Wenn eine insol­venz­ab­hän­gi­ge Lösungs­klau­sel ver­ein­bart wur­de, kommt es auf den Ein­zel­fall an. Der (pri­va­te oder öffent­li­che) Auf­trag­ge­ber muss vor allem prü­fen, ob eher eine Ana­lo­gie zu Bau­ver­trag und Schü­ler­be­för­de­rungs­ver­trä­gen oder eher eine Ana­lo­gie zur Ener­gie­lie­fer­ver­trä­gen gerecht­fer­tigt ist. Er wird auch sons­ti­ge, nicht insol­venz­spe­zi­fi­sche Umstän­de in sei­ne Ent­schei­dung ein­be­zie­hen, etwa ob eine wich­ti­ge Kün­di­gung mit sofor­ti­ger Wir­kung aus ande­ren Grün­den wirk­sam wäre. Dazu gehö­ren auch wirt­schaft­li­che Erwä­gun­gen mit pro­gnos­ti­schem Cha­rak­ter, näm­lich ob der dem­nächst insol­ven­te Auf­trag­neh­mer trotz allem die Gewähr einer Leis­tungs­fort­füh­rung bie­tet. Stets ist die vom BGH gefor­der­te typi­sier­te Inter­es­sen­be­wer­tung erfor­der­lich. 

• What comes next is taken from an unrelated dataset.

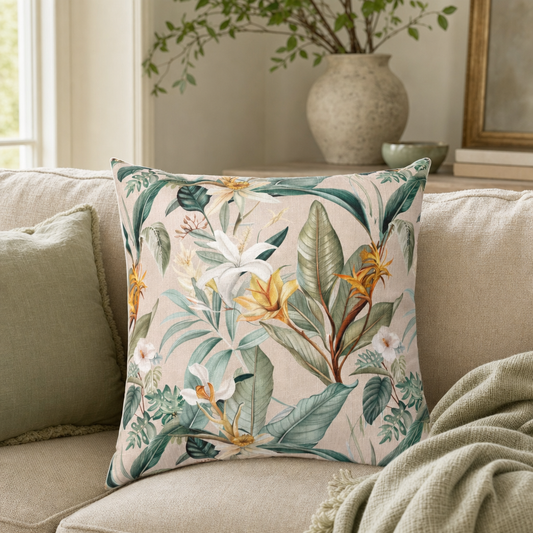 Tropical Lily Cushion styled in a living room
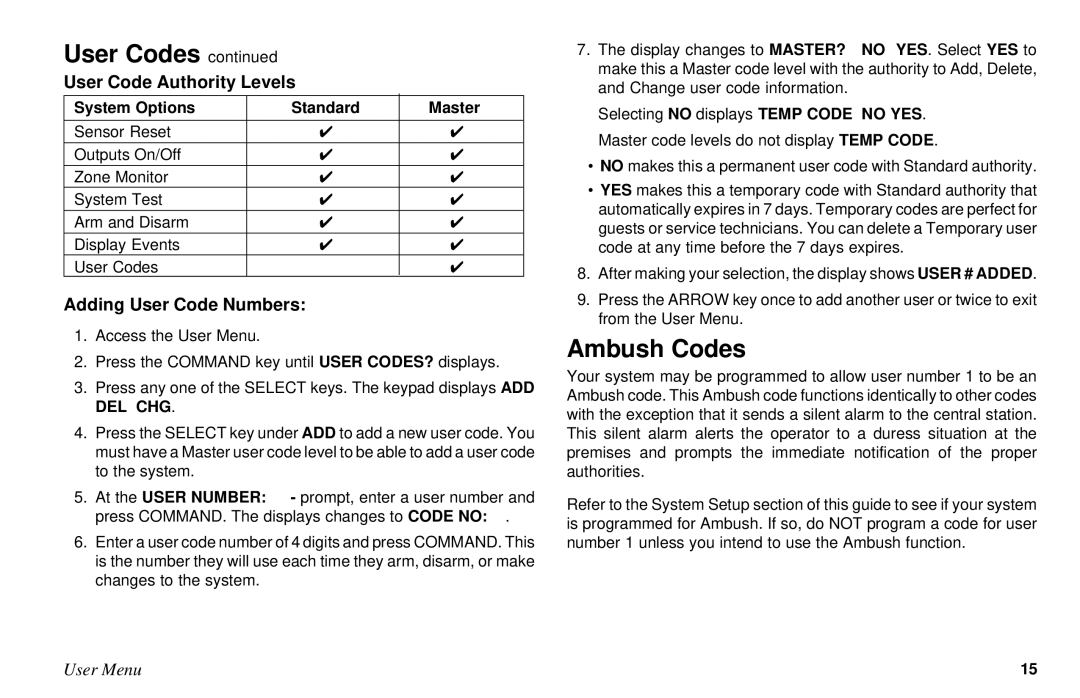 DMP Electronics XR10 Ambush Codes, User Code Authority Levels, Adding User Code Numbers, System Options Standard Master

Schnell­schüs­se des Auf­trag­ge­bers ver­bie­ten sich dem­ge­gen­über. Er soll­te einer­seits nicht all­zu lan­ge zuwar­ten oder gar neue Ver­trä­ge mit einem Auf­trag­neh­mer abschlie­ßen, der gera­de erst Insol­venz­an­trag gestellt hat, zumin­dest wenn er sich die insol­venz­ab­hän­gi­ge Ver­trags­lö­sung erhal­ten möch­te und kei­ne durch­grei­fen­den wirt­schaft­li­chen Grün­de dafür gel­tend machen kann. Ande­rer­seits soll­te er die Ent­schei­dung nicht über­stür­zen, denn sie ist recht­lich vor­aus­set­zungs­reich und kann wirt­schaft­lich weit­rei­chen­de Fol­gen haben. Letzt­lich emp­fiehlt sich also eine gründ­li­che anwalt­li­che Prü­fung sowie Ver­tre­tung im Ein­zel­fall. Sie allein gewähr­leis­tet die größt­mög­li­che Risi­ko­mi­ni­mie­rung für den ggf. kün­di­gungs­wil­li­gen Auf­trag­ge­ber. 

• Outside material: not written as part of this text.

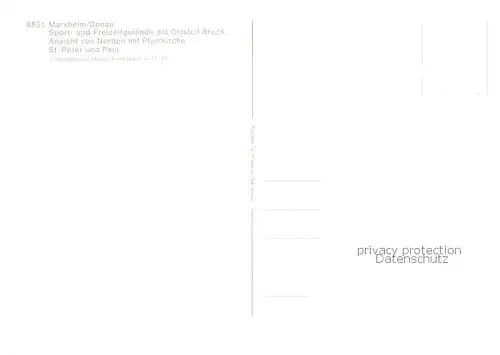 AK / Ansichtskarte Marxheim_Bayern Fliegeraufnahme Sport und Freizeitgelaende mit OT Bruck Blick von Norden mit Pfarrkirche St Peter und Paul Marxheim Bayern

Die­ser Rechts­tipp ersetzt kei­nen anwalt­li­chen Rat im Ein­zel­fall. Er ist natur­ge­mäß unvoll­stän­dig, auch ist er nicht auf Ihren Fall bezo­gen und stellt zudem eine Moment­auf­nah­me dar, da sich gesetz­li­che Grund­la­gen und Recht­spre­chung im Lauf der Zeit ändern. Er kann und will nicht alle denk­ba­ren Kon­stel­la­tio­nen abde­cken, dient Unter­hal­tungs- und Erst­ori­en­tie­rungs­zwe­cken und soll Sie zur früh­zei­ti­gen Abklä­rung von Rechts­fra­gen moti­vie­ren, nicht aber davon abhal­ten.